#### ACTIVITY
Upon reaching the line that contains "Mercado de pescado-Hodeidah-Yemen" in the records below, begin repeating every line exactly through the last one, skipping pictures.

◇ ◇ ◇ ◇ ◇

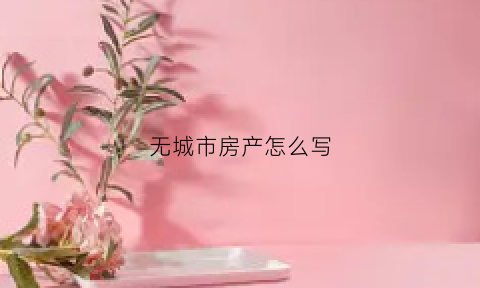 无城市房产怎么写(城区无房产是什么意思)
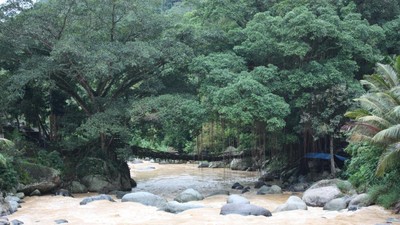 Hebat, Ada Jembatan dari Akar!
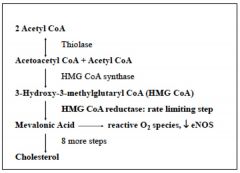 in all tissues
basically putting together a series of acetate molecules. 

2 acetyl-COA + acetyl CoA--> HMG CoA 
--> mevalonic acid  by HMG CoA reductase RLS
>>>>8steps>>>CHOLESTEROL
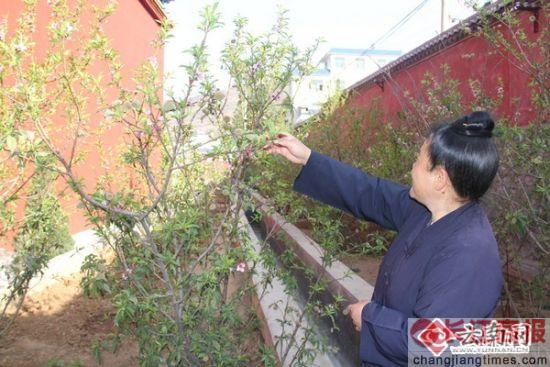 �����������һ�꿪��λ�����ι�(��ͼ)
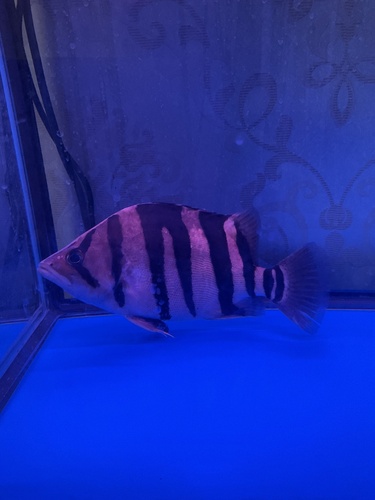 Finescale tigerfish (Datnioides microlepis) — Datnioididae — 5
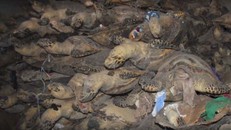 Khánh Hòa: Trả hồ sơ điều tra bổ sung vụ tàng trữ 10 tấn xác rùa biển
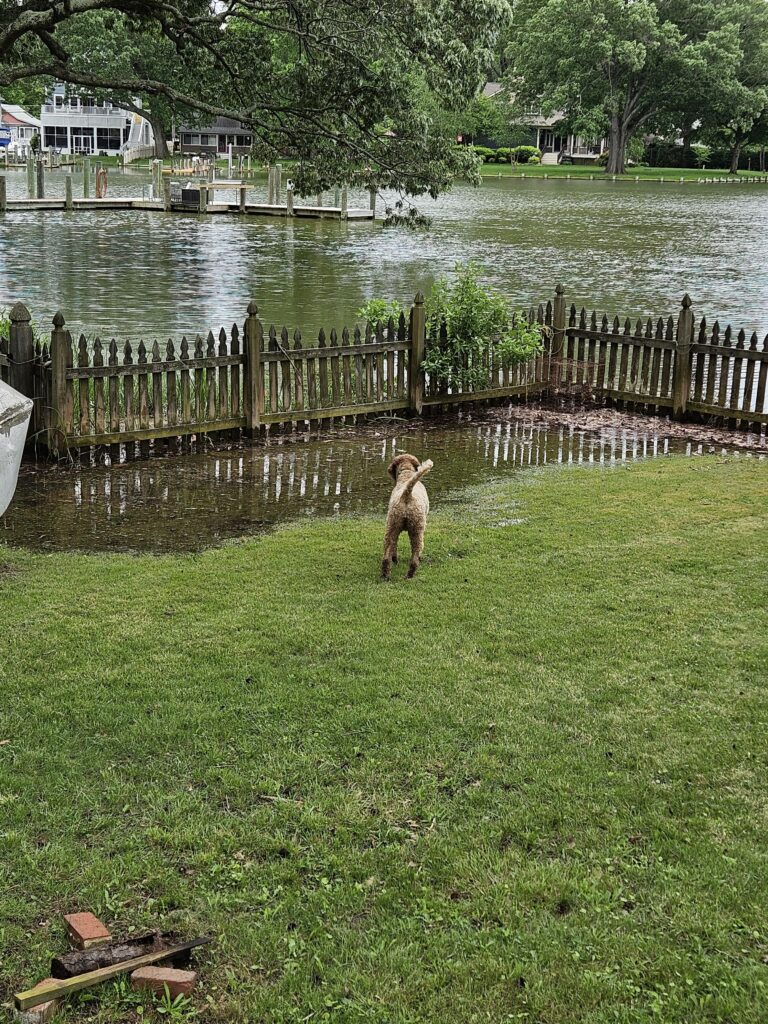 a dog standing on grass by a body of water (MyCoast AI)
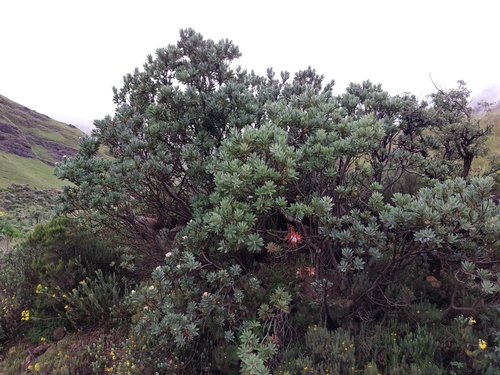 Image of Protea subvestita by (c) Manuel R Popp, some rights reserved (CC BY)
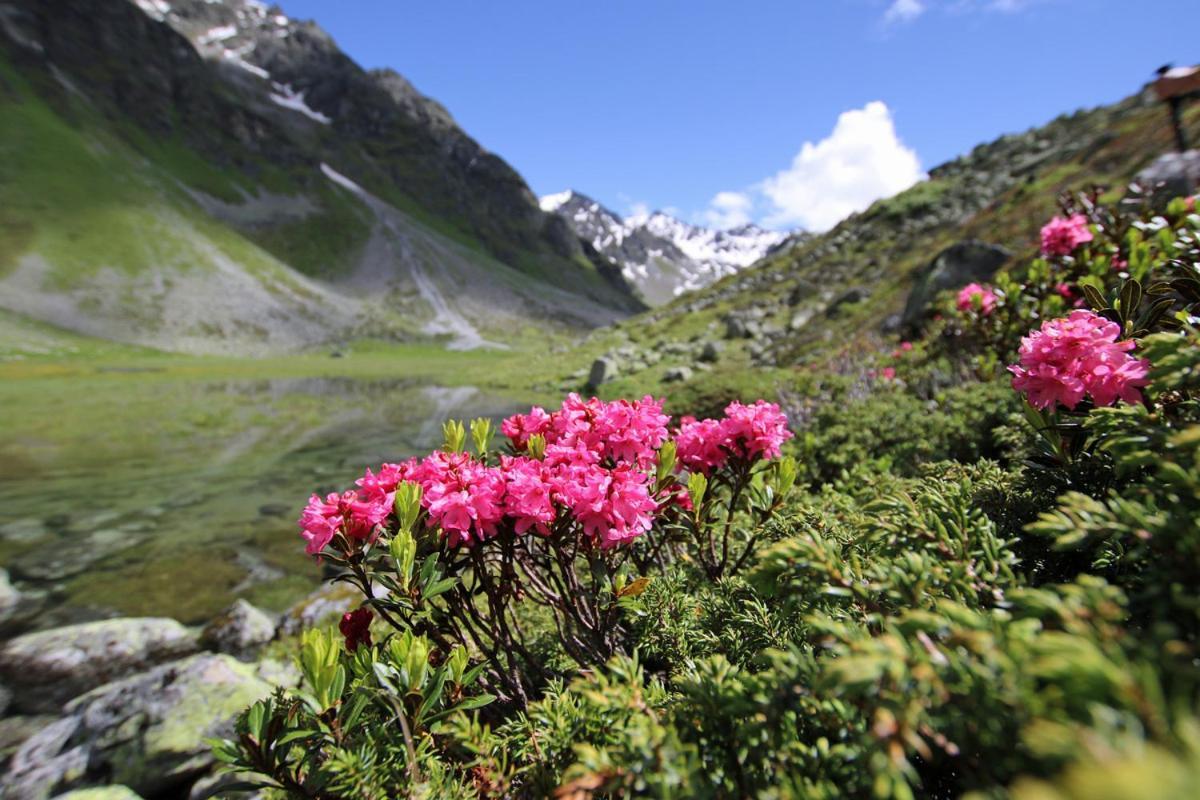 Pension Fuchs Pfunds Exteriér fotografie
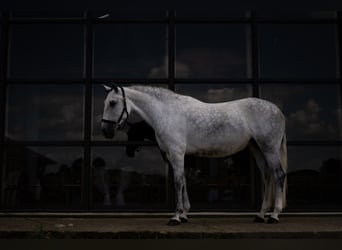 PRE Mix, Merrie, 7 Jaar, 162 cm, Schimmel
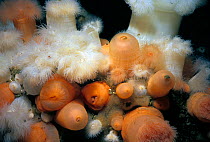 Close-up of Metridium Anemones (Metridium farcimen). Queen Charlotte Strait, British Columbia, Canada, North Pacific Ocean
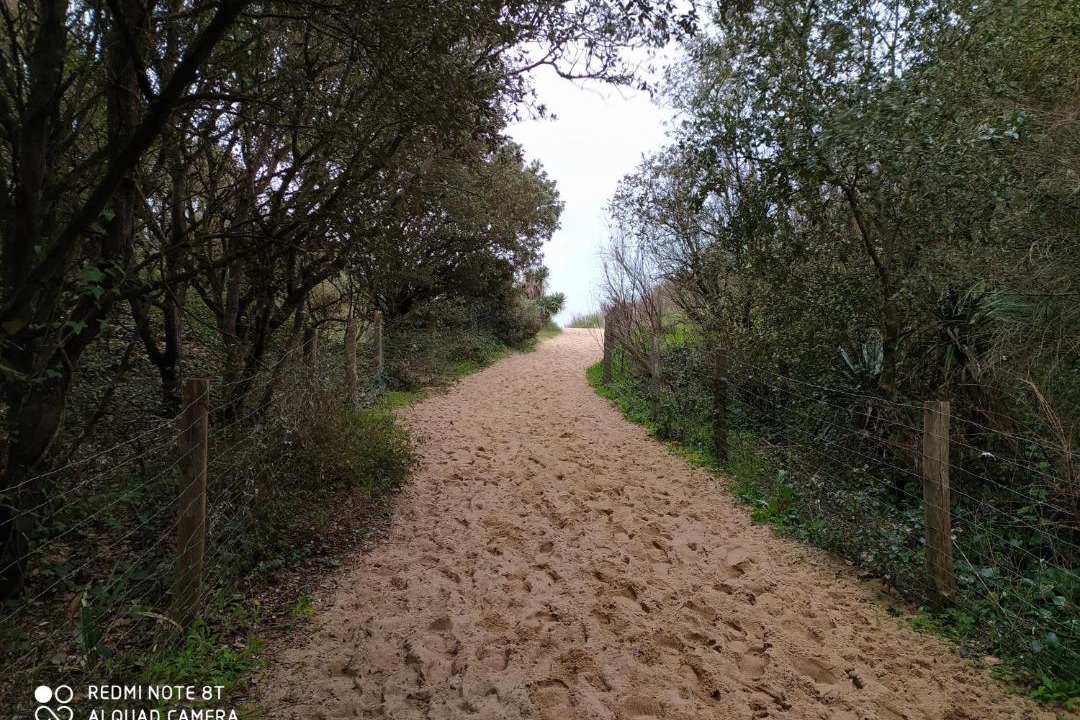 Photo of Outdoor in La Remigeasse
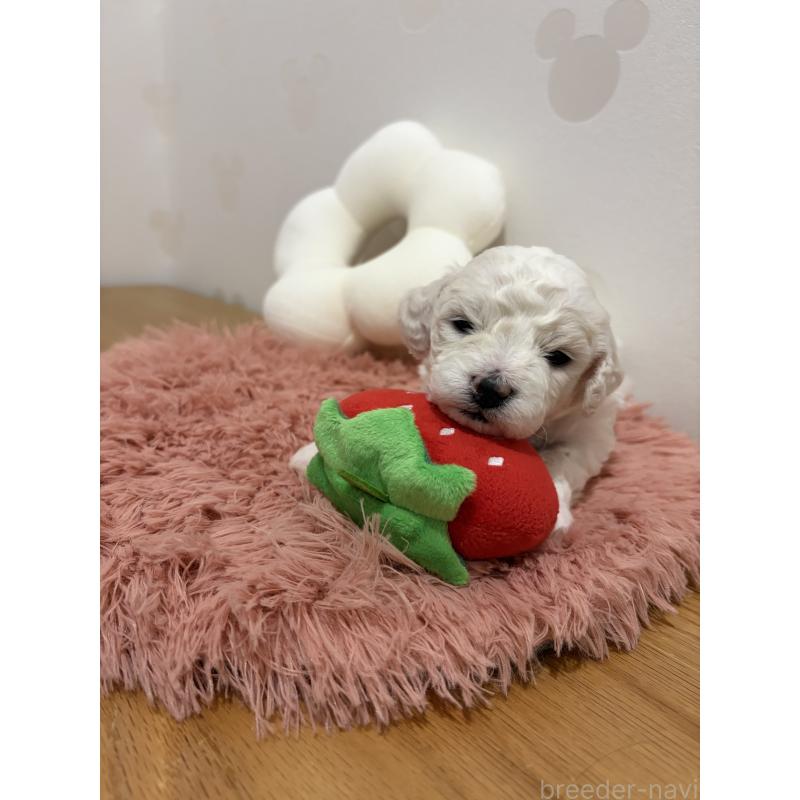 販売中の滋賀県のビションフリーゼ-442612の5枚目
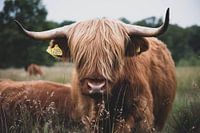 Schotse hooglander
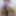 Panty collection Vol. 2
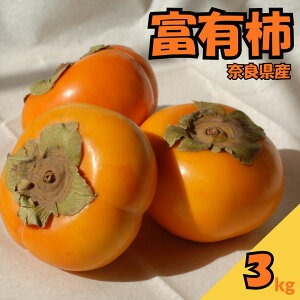 yӂ邳Ɣ[ŁzƂ̊` xL` 3kg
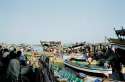 Mercado de pescado-Hodeidah-Yemen
Fishing Market-Hodeidah-Yemen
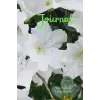 White Azaleas Journal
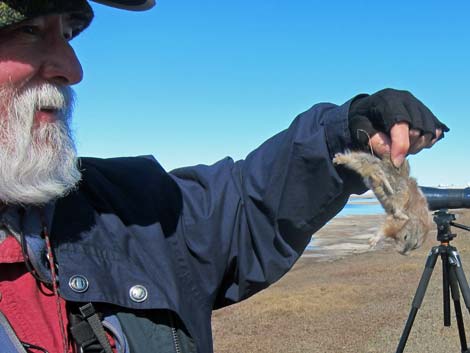 Barrow birding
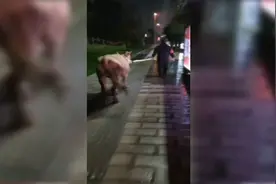 26秒 | 民警街头夜巡偶遇“牛大哥”牵着牛微信群里找失主图片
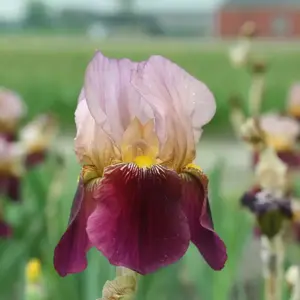 Iris germanica 'Indian Chief' 1L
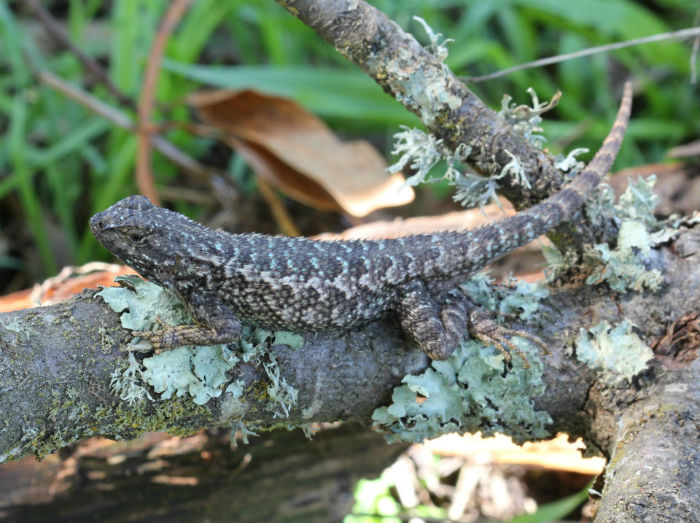Western Fence Lizard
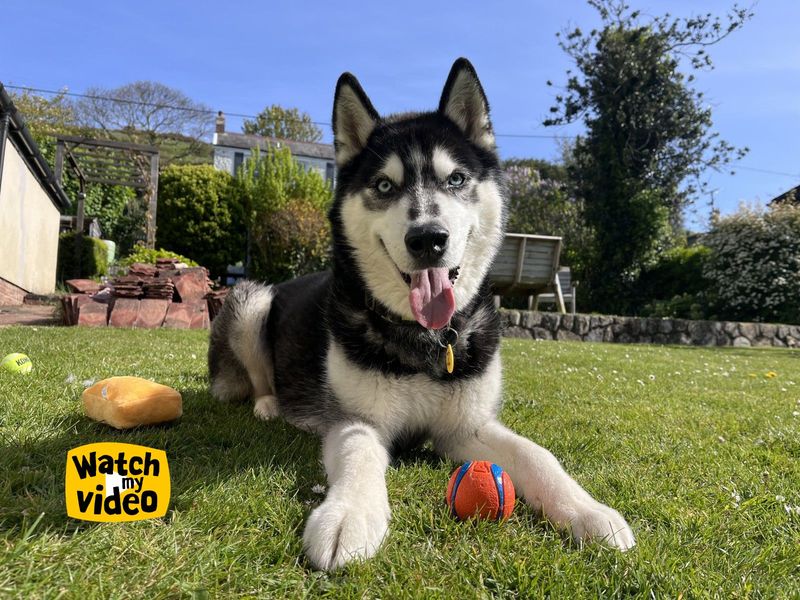 Rocky Husky | Siberian Husky | Ilfracombe - 1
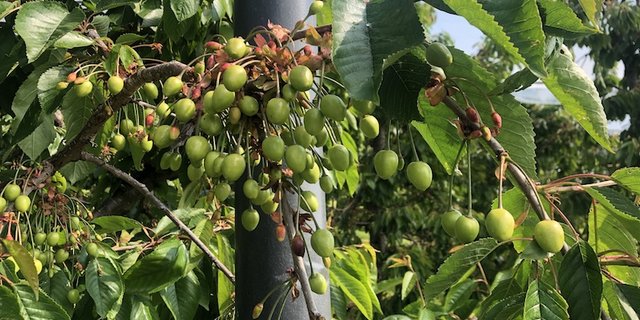 Der Kirschbehang lässt laut Vorernteschätzung 2019 vom Schweizerischen Obstverand auf eine gute Ernte schliessen. (Bilder et)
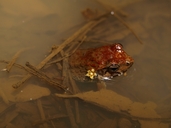 Mantidactylus bellyi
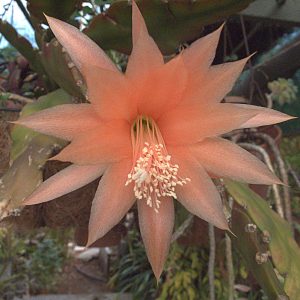 Orchid Cactus Flower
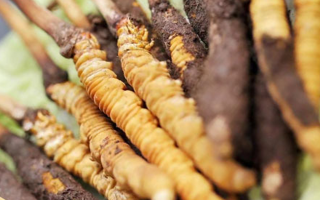 水煮鮮冬蟲夏草的最佳方法：鎖住營(yíng)養(yǎng)的科學(xué)烹煮指南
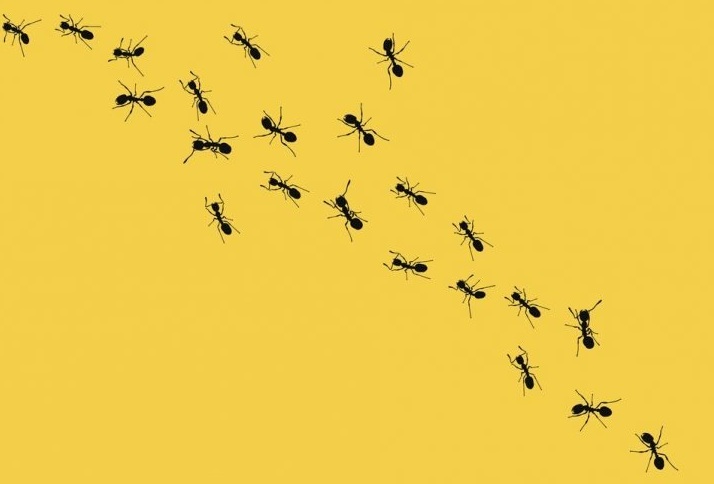Hormigas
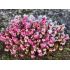 Erica carnea ´Winterfreude´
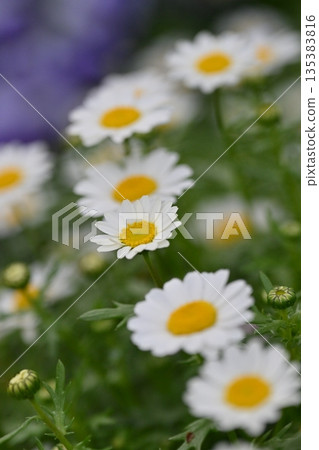 菊花，北極（菊花） 135383816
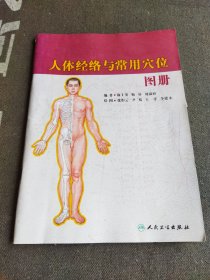 人体经络与常用穴位图册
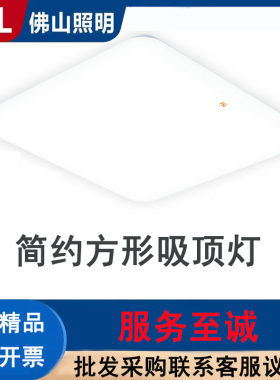 简约现代节能耐用FSL方形吸顶灯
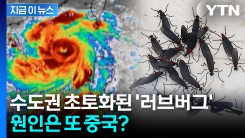 중국 강타한 태풍에...\'러브버그\' 살려고 한반도로 서식지 옮겼다 [지금이뉴스]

◇ ◇ ◇ ◇ ◇

#### OUTPUT BELOW
 Mercado de pescado-Hodeidah-Yemen
Fishing Market-Hodeidah-Yemen
 White Azaleas Journal
 Barrow birding
 26秒 | 民警街头夜巡偶遇“牛大哥”牵着牛微信群里找失主图片
 Iris germanica 'Indian Chief' 1L
Western Fence Lizard
 Rocky Husky | Siberian Husky | Ilfracombe - 1
 Der Kirschbehang lässt laut Vorernteschätzung 2019 vom Schweizerischen Obstverand auf eine gute Ernte schliessen. (Bilder et)
 Mantidactylus bellyi
 Orchid Cactus Flower
 水煮鮮冬蟲夏草的最佳方法：鎖住營(yíng)養(yǎng)的科學(xué)烹煮指南
Hormigas
 Erica carnea ´Winterfreude´
 菊花，北極（菊花） 135383816
 人体经络与常用穴位图册
 简约现代节能耐用FSL方形吸顶灯
 중국 강타한 태풍에...\'러브버그\' 살려고 한반도로 서식지 옮겼다 [지금이뉴스]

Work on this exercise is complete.